Un studio qui aura, dès le départ, surestimé la capacité de son public à s’intéresser à une saga comme AF, dont le programme un peu incongru est de faire du Harry Potter… sans Harry Potter. Car en dépit de ce que voudraient nous faire croire la Warner et J.K. Rowling, mère nourricière qui est la première à déboulonner l’œuvre de sa vie, Harry Potter, sur papier comme à l’écran, est une histoire terminée depuis bien longtemps. Qui commence dans un placard sous l’escalier pour s’achever sur un quai de gare. Un phénomène de société qui, quoi qu’on en pense, aura imprimé une empreinte durable dans la pop culture, en s’inspirant intelligemment de classiques de l’heroic fantasy pour mieux les moderniser, Le Seigneur des Anneaux et Le Monde de Narnia en tête. Tout le reste, qu’on parle de préquels ou de séquelles, tient au mieux du post-scriptum dispensable, au pire de la joyeuse trahison.

 « Un purgatoire de Moldu »

Surtout, se borner à proposer des films qui ne sont que des déclinaisons « hypertextes » d’une œuvre préexistante, c’est prendre le risque de s’adresser à une audience de plus en plus captive mais de moins en moins vaste. (Songez aux films Star Trek pré-J.J. Abrams. Essayez d’en mater un – et d'y entraver quelque chose – sans avoir vu les séries originelles.) Dans un article parlant publié dans le Hollywood Reporter intitulé « Les fans ont hérité de l’industrie du cinéma, et cela pose problème pour tous les autres », la journaliste Inkoo Kang résumait bien cet entre-soi et ce nombrilisme qui guette peu ou prou chaque saga ciné ou télé, en citant le cas précis des Animaux Fantastiques : « Ayant loupé le train Harry Potter, je suis coincée dans un purgatoire de Moldu, pas sûre de savoir ce qu’est la bièraubeurre mais pas motivée de regarder 8 films (ou de lire 7 livres) pour le savoir. […] A chaque nouveau film des Animaux Fantastiques, j’ai l’impression de passer un peu plus à côté d’une référence générationnelle. » Pour résumer sa thèse, Kang utilise même l’analogie explicite d’un « parc public devenu un club privé. » 

Et puis, franchement, qui a le temps d’aller voir 5 films étalés sur une décennie et surtout de s’en souvenir ? A l’heure où l’économie de l’attention est devenue le nerf de la guerre pour ceux qui créent du contenu consommable de tout crin, où le monde entier chope des escarres en restant le boule posé sur son canapé avec Netflix en perfusion (en vitesse x 1.5, beurk !), plus personne n’a vraiment de temps à consacrer à une telle œuvre au long cours, bonne ou mauvaise.
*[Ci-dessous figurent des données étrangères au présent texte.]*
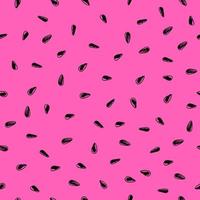 patrón sin fisuras con la ilustración vectorial de semillas de sandía dibujada a mano. verano, brillante, textura de tela de fiesta con semillas sobre fondo rosa aislado. vector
Pour durer, mieux vaut remettre les compteurs à zéro à chaque film (comme Fast & Furious ou Mission : Impossible) ou de bâtir une franchise fonctionnant comme une anthologie, faite de projets divers et se souciant de moins en moins de sa cohérence – c’est le cas du fameux Marvel Cinematic Universe. Warner s’en rend compte, mais un peu tard, puisqu’elle se tâte aujourd’hui de changer son fusil d’épaule et à jeter les prochains films prévus avec l’eau du bain, pour mettre en branle à la place une série télé située dans le même univers, diffusée sur HBO Max, plateforme maison dont l’objectif affiché est de concurrencer… Netflix, désormais assaillie de toutes parts. Un futur qui s’écrira peut-être sans Rowling, plus vraiment en odeur de sainteté après quelques commentaires pas bien malins sur les personnes trans. Lesquels sont d’autant plus regrettables qu’elles vont à l’encontre de la volonté de l’auteure de montrer une romance homosexuelle, assumée comme telle - une première après quelques timides tentatives. Le bad buzz est roi, encore et toujours... Que le ton vaguement goguenard de ce papelard ne vous abuse pas pour autant : il n’est jamais réjouissant de voir une saga autrefois grande s’en aller par la toute petite porte. 

Les Animaux Fantastiques : Les Secrets de Dumbledore (Fantastic Beasts : The Secrets of Dumbledore), David Yates, 2022. Avec : Eddie Redmayne, Jude Law, Mads Mikkelsen, Jessica Williams, Callum Turner.